# Technical Document Extraction: Model Accuracy vs. Generation Budget
## 1. Image Overview
This image is a line graph comparing the performance (Accuracy) of different inference-time scaling methods against a computational budget (number of model generations). The chart specifically evaluates these methods using the **Llama-3.1-8B-Instruct** model as a base, while providing horizontal baselines for other models.
---
## 2. Component Isolation
### A. Header / Baselines (Top & Middle Regions)
The chart contains four horizontal black dotted lines representing "0-shot CoT (Greedy)" performance for various models. These serve as static benchmarks.
| Model | Approximate Accuracy |
| :--- | :--- |
| GPT-4o | 0.76 |
| Llama-3.1-70B-Instruct | 0.66 |
| Llama-3.1-8B-Instruct | 0.42 |
| Llama-3.2-1B-Instruct | 0.225 |
### B. Main Chart Area (Data Series)
The x-axis is logarithmic (base 2), and the y-axis is linear. There are three primary data series plotted.
#### Legend
* **Red Line with Diamond Markers**: `Weighted BoN (Llama-3.1-8B-Instruct)`
* **Blue Line with Square Markers**: `Ours-Particle Filtering (Llama-3.1-8B-Instruct)`
* **Purple Line with Diamond Markers**: `DVTS (Llama-3.1-8B-Instruct)`
* **Black Dotted Line**: `0-shot CoT (Greedy)` (Reference for the baselines mentioned in section A).
---
## 3. Trend Verification and Data Extraction
### Series 1: Ours-Particle Filtering (Blue Square)
* **Trend**: This is the highest-performing method. It shows a steep logarithmic growth from $2^0$ to $2^4$, then begins to plateau as it approaches the GPT-4o baseline.

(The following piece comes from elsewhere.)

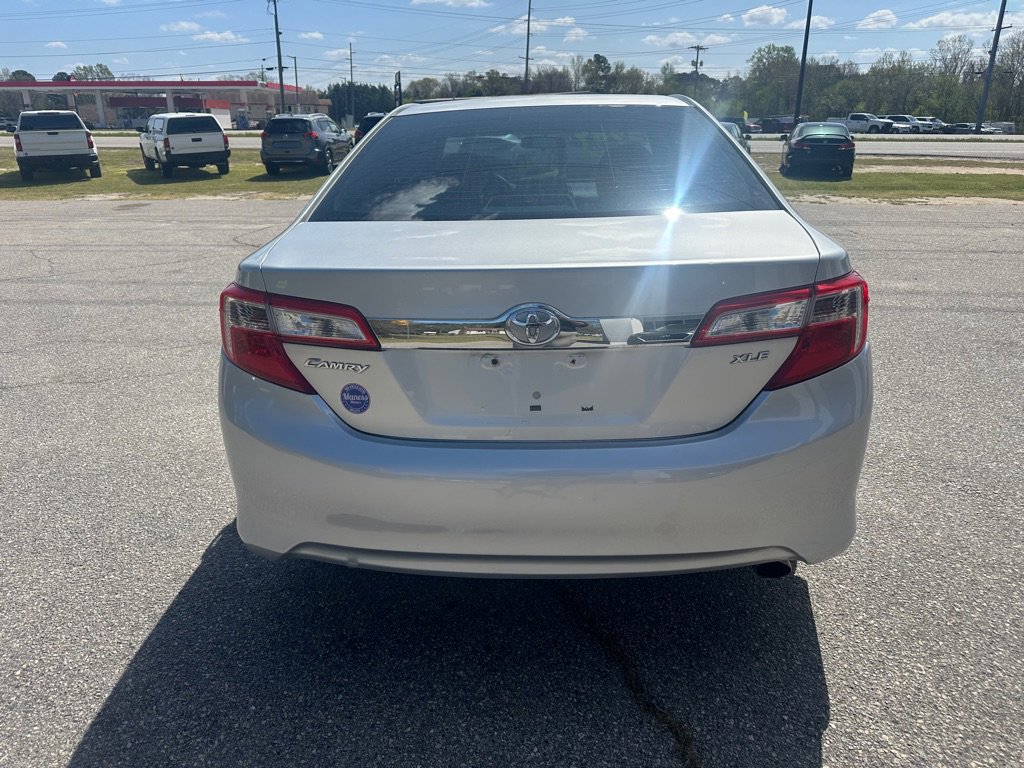 Used 2013 Toyota Camry XLE w/ Preferred Accessory Pkg FWD image 4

* **Data Points (Approximate):**
* $2^0$ (1): 0.41
* $2^1$ (2): 0.52
* $2^2$ (4): 0.62
* $2^3$ (8): 0.69
* $2^4$ (16): 0.72
* $2^5$ (32): 0.74
* $2^6$ (64): 0.745
* $2^7$ (128): 0.75
### Series 2: DVTS (Purple Diamond)
* **Trend**: This series starts at a higher budget ($2^2$). It shows a steady upward slope, consistently performing better than Weighted BoN but significantly lower than Particle Filtering. It surpasses the Llama-3.1-70B-Instruct baseline at a budget of $2^6$.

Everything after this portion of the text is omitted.